For two years, Natesha, Anfa’s mother, lived as a refugee in the Afgooye Corridor, a stretch of road northwest of Mogadishu that houses large settlements of displaced people. She had escaped civil war. Then came a drought, and by July, a month after Anfa’s birth, the United Nations declared a famine. But as the crisis grew, al-Shabab barred humanitarian aid from entering Afgooye, as it has in other areas it controls.
Anfa was sick from the day she was born, Natesha said. And with each passing day, her frail body deteriorated. On Monday, with Anfa virtually motionless, Natesha cradled her in her arms and took a minibus to the capital. They left early to avoid al-Shabab fighters and arrived at the hospital at 9 a.m.
By 11:45, they had yet to see a doctor.
Anfa moved her tiny head and turned to reach her mother’s breast. But even that effort was a struggle, and soon Anfa gave up. Even if she had the energy, disappointment lay ahead.
“I am not even getting breast milk,” Natesha said.

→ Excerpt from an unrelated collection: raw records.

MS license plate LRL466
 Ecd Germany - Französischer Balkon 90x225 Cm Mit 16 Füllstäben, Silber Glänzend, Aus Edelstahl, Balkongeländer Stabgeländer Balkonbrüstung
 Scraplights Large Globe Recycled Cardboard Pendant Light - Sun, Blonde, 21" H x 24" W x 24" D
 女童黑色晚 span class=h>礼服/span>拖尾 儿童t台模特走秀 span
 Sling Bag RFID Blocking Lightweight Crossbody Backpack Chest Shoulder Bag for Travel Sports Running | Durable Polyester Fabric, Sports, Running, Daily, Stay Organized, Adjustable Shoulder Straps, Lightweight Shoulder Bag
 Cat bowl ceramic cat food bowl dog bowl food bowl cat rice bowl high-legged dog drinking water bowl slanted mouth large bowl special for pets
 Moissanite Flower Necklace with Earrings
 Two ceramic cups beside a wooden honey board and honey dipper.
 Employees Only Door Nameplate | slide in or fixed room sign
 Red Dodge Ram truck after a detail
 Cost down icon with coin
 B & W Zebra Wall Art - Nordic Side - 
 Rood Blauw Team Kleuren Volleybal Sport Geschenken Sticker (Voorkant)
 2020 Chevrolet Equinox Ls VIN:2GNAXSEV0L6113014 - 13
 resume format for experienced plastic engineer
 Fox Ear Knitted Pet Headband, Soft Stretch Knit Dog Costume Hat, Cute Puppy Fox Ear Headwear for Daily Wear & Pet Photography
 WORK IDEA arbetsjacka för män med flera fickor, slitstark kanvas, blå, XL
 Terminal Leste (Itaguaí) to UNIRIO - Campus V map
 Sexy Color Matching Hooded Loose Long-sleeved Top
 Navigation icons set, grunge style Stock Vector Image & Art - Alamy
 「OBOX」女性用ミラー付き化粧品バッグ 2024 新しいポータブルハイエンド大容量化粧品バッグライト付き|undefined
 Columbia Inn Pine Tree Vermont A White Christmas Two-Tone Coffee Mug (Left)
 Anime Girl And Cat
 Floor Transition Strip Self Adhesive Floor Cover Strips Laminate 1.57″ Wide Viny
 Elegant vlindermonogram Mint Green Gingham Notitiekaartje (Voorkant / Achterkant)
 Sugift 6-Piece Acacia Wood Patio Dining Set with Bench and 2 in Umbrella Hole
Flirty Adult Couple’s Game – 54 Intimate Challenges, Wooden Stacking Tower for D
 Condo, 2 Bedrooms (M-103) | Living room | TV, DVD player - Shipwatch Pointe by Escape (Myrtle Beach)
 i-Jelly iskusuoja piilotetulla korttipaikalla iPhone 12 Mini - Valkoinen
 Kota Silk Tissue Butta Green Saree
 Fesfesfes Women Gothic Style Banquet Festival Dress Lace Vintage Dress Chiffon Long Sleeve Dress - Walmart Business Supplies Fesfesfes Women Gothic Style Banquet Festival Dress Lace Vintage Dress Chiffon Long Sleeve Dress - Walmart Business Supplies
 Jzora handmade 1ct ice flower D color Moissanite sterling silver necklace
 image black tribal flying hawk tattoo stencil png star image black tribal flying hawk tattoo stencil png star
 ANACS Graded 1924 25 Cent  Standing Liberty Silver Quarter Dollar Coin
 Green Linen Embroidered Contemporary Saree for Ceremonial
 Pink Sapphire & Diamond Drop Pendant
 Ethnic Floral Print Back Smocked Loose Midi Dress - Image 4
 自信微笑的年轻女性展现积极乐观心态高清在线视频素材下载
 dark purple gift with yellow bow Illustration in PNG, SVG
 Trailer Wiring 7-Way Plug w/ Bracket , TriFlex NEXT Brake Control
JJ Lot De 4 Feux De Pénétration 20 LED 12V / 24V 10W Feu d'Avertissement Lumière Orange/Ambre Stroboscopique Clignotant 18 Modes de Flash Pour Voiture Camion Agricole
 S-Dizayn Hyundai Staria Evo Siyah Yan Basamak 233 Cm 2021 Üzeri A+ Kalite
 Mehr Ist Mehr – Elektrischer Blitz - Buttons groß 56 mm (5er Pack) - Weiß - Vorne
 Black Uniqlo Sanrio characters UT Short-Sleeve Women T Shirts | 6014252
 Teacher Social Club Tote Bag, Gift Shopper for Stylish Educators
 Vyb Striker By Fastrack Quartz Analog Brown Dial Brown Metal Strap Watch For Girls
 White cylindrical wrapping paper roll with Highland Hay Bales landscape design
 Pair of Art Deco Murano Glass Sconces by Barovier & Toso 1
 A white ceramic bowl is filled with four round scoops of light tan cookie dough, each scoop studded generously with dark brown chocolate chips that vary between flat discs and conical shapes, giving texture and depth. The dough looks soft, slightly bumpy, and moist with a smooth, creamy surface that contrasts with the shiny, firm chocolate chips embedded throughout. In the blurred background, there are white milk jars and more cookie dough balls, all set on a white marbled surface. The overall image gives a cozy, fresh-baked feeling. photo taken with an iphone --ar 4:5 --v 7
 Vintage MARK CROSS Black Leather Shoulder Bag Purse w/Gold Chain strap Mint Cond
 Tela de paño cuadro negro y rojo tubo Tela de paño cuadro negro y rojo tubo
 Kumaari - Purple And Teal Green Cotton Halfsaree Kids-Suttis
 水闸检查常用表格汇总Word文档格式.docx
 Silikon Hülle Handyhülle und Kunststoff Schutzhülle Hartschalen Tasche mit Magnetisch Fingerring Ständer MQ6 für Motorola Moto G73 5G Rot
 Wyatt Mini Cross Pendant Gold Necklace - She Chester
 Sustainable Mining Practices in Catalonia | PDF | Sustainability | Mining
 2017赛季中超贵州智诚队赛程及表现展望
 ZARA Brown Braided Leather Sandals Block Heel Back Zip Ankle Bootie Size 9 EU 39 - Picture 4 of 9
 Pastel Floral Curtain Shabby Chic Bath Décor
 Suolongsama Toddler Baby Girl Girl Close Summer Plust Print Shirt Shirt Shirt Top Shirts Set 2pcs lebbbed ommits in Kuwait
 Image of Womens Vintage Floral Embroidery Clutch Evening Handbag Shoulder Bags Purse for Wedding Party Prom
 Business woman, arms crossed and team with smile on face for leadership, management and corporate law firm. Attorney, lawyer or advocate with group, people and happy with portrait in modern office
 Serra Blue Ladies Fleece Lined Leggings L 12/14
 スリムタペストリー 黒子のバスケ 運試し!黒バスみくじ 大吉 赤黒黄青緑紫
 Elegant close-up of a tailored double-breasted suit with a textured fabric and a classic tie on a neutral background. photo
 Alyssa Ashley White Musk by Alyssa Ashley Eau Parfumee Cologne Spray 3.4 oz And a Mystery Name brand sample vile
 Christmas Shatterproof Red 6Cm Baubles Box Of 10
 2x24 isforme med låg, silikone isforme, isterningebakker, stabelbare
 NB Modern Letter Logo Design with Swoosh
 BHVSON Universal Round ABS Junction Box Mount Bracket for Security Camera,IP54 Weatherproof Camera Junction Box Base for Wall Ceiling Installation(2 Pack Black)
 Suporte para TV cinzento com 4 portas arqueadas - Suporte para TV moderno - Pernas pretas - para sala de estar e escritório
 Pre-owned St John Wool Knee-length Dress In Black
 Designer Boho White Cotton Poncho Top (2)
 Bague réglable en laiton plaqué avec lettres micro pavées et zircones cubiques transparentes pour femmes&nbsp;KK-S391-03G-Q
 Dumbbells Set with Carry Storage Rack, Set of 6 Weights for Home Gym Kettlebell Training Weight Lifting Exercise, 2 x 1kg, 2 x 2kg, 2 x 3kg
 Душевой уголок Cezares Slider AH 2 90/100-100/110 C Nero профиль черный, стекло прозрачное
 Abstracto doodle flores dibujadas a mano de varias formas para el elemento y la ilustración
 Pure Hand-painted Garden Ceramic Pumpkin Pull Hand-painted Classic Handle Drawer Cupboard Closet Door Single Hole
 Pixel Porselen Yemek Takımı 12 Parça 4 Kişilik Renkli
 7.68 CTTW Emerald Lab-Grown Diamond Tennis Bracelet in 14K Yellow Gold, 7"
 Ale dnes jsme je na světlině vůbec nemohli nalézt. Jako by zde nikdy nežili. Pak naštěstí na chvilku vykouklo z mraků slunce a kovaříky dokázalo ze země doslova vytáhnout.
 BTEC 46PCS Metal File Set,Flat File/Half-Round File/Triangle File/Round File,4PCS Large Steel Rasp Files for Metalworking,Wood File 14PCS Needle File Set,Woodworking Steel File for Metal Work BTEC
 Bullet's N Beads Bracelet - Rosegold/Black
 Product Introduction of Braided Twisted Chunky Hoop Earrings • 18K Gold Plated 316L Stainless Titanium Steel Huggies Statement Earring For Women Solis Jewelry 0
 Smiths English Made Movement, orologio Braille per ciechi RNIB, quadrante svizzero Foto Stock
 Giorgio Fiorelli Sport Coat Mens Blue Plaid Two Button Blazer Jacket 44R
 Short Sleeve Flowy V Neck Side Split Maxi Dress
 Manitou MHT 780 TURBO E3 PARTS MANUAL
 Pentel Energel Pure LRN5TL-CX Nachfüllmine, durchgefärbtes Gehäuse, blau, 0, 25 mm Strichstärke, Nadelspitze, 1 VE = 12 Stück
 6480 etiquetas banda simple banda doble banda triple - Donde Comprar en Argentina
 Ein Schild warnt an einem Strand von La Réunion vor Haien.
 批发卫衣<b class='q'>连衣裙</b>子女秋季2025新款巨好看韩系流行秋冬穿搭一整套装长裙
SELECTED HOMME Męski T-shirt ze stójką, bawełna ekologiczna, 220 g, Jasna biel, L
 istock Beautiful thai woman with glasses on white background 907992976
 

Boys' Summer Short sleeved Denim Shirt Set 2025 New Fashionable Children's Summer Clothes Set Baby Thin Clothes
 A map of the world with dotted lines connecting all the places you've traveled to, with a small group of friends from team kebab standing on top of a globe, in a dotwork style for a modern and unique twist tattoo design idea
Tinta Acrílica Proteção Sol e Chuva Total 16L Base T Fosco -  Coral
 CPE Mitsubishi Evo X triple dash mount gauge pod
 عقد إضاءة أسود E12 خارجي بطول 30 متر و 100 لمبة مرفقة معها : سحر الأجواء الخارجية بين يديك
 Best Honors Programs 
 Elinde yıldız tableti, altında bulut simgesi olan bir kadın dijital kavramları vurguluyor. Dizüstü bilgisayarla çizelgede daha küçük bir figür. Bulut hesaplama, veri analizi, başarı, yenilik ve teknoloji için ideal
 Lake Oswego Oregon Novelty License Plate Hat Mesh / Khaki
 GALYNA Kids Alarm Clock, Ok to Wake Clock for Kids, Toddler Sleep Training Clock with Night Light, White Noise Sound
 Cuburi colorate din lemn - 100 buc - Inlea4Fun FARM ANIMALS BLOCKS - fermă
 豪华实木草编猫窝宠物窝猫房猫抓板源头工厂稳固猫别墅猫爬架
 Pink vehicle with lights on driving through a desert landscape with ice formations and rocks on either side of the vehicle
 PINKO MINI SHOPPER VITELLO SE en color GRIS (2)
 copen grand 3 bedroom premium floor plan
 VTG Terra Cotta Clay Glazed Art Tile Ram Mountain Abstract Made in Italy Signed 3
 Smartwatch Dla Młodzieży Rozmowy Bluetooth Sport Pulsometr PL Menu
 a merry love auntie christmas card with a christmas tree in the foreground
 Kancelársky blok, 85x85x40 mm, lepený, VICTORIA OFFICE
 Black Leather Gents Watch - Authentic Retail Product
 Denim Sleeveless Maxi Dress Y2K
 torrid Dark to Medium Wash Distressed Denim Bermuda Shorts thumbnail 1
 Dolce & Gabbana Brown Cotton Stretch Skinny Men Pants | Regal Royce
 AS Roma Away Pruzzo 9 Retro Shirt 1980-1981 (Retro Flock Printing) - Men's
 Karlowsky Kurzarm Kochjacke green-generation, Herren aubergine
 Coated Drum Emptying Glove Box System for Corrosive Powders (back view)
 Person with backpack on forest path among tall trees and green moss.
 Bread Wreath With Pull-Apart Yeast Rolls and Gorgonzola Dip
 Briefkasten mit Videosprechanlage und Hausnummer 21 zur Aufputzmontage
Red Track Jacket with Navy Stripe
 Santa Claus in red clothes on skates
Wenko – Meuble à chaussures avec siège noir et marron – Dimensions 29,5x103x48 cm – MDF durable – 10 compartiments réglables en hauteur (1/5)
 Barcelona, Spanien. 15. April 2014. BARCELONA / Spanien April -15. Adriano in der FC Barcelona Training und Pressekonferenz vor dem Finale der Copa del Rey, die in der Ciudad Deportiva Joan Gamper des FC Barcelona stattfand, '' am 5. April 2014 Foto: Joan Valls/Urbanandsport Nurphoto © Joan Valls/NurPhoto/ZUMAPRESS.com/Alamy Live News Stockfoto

In the next bed, Luley Ibrahim looked down at her 14-month-old daughter, Momine. But there was no response. Momine is blind, a result of severe malnutrition and vitamin deficiency. Sores peppered her skeletal head and protruding rib cage.
“We didn’t even know that a hospital existed,” said Ibrahim, looking down again at her baby. “I hope she will be able to see again.”
‘Hard to stabilize’
The hallway of the children’s ward was crowded with mothers carrying their sick babies. Some were so weak that they dangled like rag dolls. Many were dehydrated. Most suffered from severe malnutrition, diarrhea and diseases such as measles, malaria and meningitis.
Yasmina Hiller, a youthful German nurse, examined the babies, writing down their weights and other vital statistics. She had been at the hospital for 10 days. During that time, she had seen two to four babies die every day, she said.
Hiller and a medical student were the only ones monitoring 70 children in the ward.
“It’s really hard to stabilize them,” said Hiller, who has also volunteered in other African war zones, including Liberia and Angola. “They need milk, and they also need water. But you can’t overload them. So it’s really a risk.”
Most children, she said, seesaw between life and death. One day, a baby appears to improve; two days later, she’s near death. Even those who grow strong enough to leave the hospital often struggle with weight and diseases within weeks, said Hiller, visibly frustrated at the helplessness.
Duniya Mohamed Abdi, 10, lay sprawled on a nearby table.
She is epileptic. With so many famine-related cases, the hospital had neither the medicines nor the manpower to assist with her condition. She had been turned away before. But Duniya was now also suffering from hunger.
“The doctor said we can’t do anything, but we could admit her here for five days to treat her for malnutrition,” said Ali Mohamed, a neighbor.
A few minutes later, Hiller took two journalists downstairs to the intensive care unit. Steps away from the door, she spoke into her walkie-talkie to a co-worker to get permission to enter. She was told to stop.
“The baby is dying,” Hiller said. “We can’t go inside.”